WASHINGTON, Nov 14 (Reuters) – U.S. House of Representatives Speaker Mike Johnson, the highest-ranking Republican in Congress, endorsed Donald Trump for the Republican presidential nomination on Tuesday. This unsurprising move underlines the grip the former president holds on much of the party.
“I’m all in for President Trump,” Johnson said on CNBC.
Johnson implied that he had “endorsed” Trump in the past, but it was unclear when he had previously done so. A representative for the speaker did not immediately respond to a request for comment.
Johnson was elected speaker in October after a small group of Republican lawmakers deposed Kevin McCarthy, the previous speaker.

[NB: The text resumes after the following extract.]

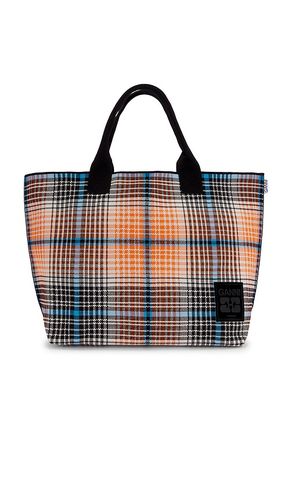 Ganni SAC FOURRE-TOUT en Orange - Ganni - Modalova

Before that, Johnson led efforts in Congress to support the former President’s legal challenges aimed at the 2020 election results. Following Trump’s defeat, Johnson crafted a legal brief, signed by 125 other House Republicans, that sought to persuade the Supreme Court to reject election results from several contested states that ended up going to Joe Biden on election night.
In the CNBC interview, Johnson defended Trump’s actions, saying the former president believed “deep in his heart” that the election was fraudulent, an assertion that has yet to be proven legally.
A recent Bloomberg/Morning Consult poll found that voters in swing states prefer former President Trump on the economy by 16 points on the economy, 18 points on immigration, 13 points on taxes, and 19 points on gas prices. The only metric by which Biden led Trump above the margin of error was abortion, for which the president led him by 4 points.
The Bloomberg/MC poll also found that the former President holds firm leads in those same swing states, such as Georgia, where Trump leads by 9 points, Arizona by 4 points, Pennsylvania by 3 points, Nevada by 4 points, Wisconsin by 2 points, and North Carolina by 9 points.
This poll followed two major national polls that included a CBS poll that found Trump currently holds a 3-point lead nationally over Biden and a CNN poll that has Trump up 4 points over Biden.